Available data →
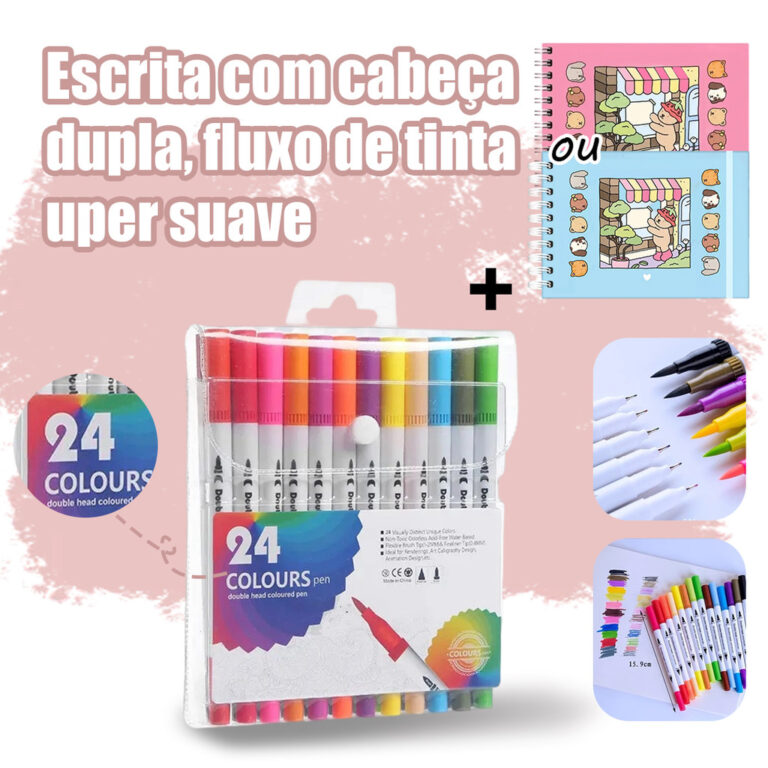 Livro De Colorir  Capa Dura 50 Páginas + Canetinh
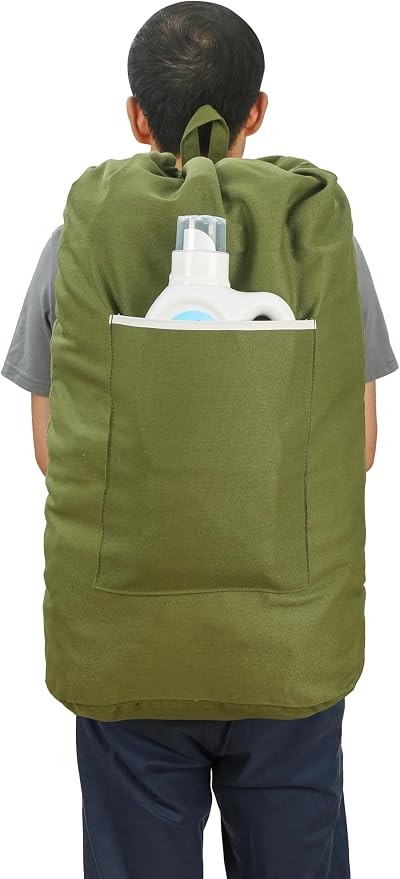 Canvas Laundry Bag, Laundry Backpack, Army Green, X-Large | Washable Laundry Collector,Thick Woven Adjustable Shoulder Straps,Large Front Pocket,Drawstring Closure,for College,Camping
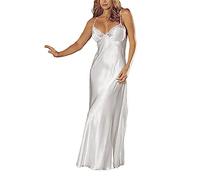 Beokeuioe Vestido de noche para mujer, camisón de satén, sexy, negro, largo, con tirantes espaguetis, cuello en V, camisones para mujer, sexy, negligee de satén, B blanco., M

Task description → The required output is an exact copy of the lines from the one with "Canvas Laundry Bag, Laundry" through the final line of the data above, with pictures removed.

Result →
 Canvas Laundry Bag, Laundry Backpack, Army Green, X-Large | Washable Laundry Collector,Thick Woven Adjustable Shoulder Straps,Large Front Pocket,Drawstring Closure,for College,Camping
 Beokeuioe Vestido de noche para mujer, camisón de satén, sexy, negro, largo, con tirantes espaguetis, cuello en V, camisones para mujer, sexy, negligee de satén, B blanco., M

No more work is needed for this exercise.